- _Dataset extract_

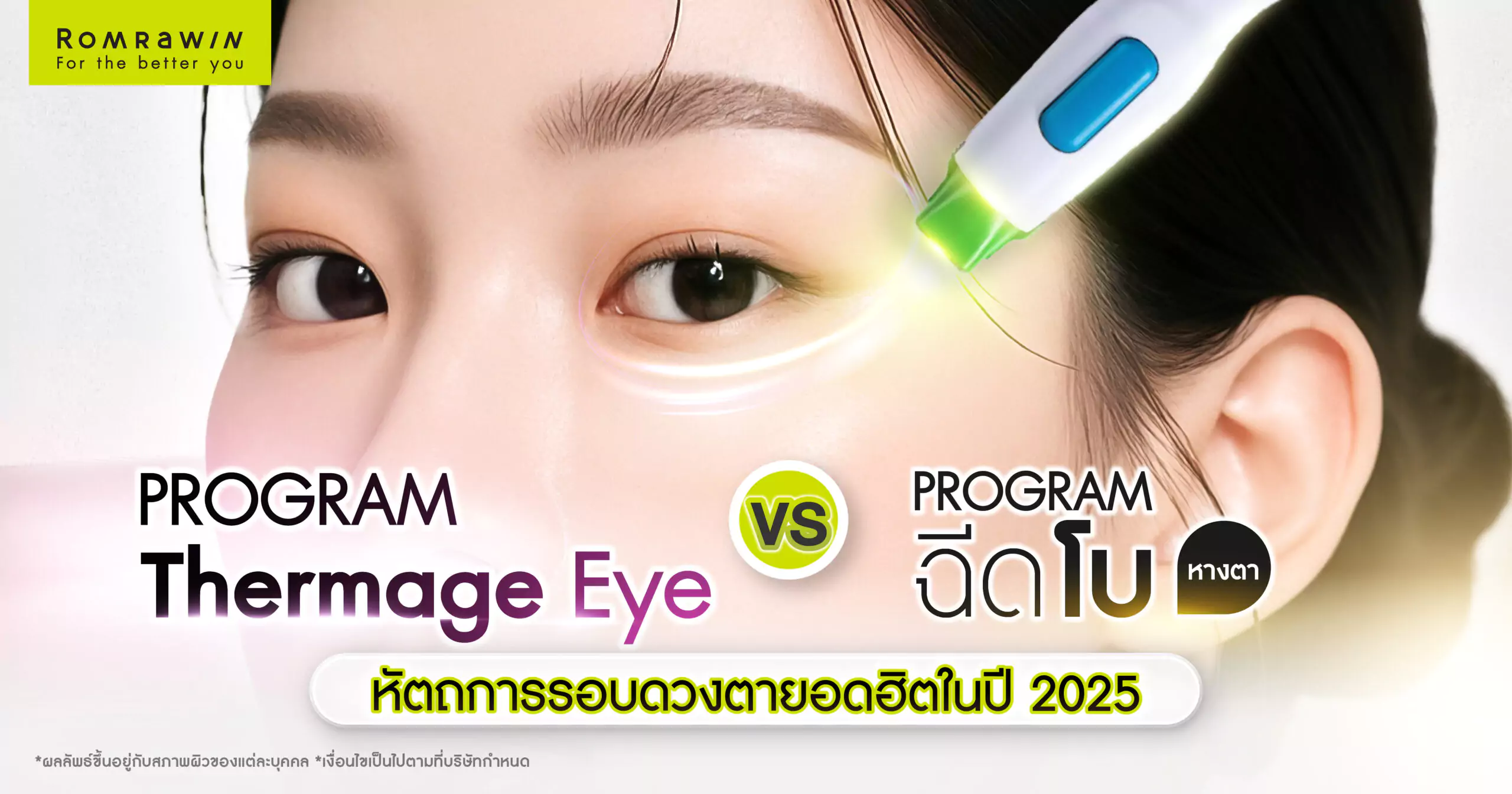 รอบดวงตา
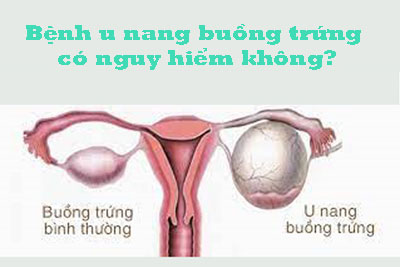 U nang buồng trứng có nguy hiểm không?
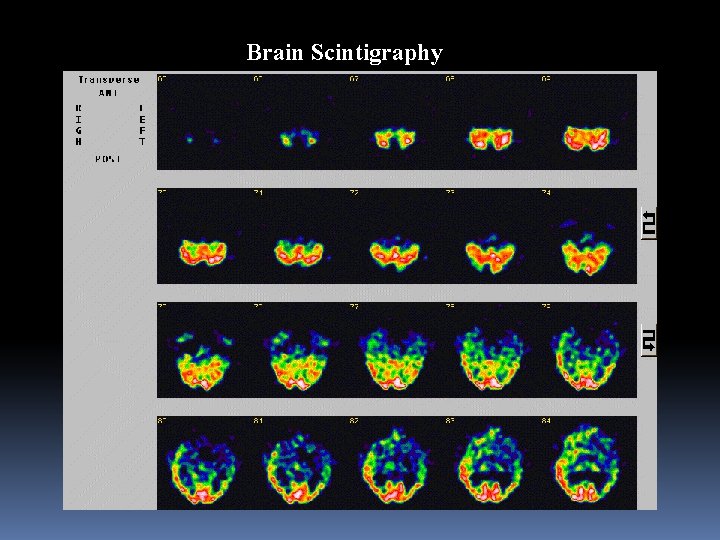 Brain Scintigraphy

- _Task details_
Quote all the lines above exactly as given. Do not include the pictures.

- _Solution for this exercise_
 รอบดวงตา
 U nang buồng trứng có nguy hiểm không?
 Brain Scintigraphy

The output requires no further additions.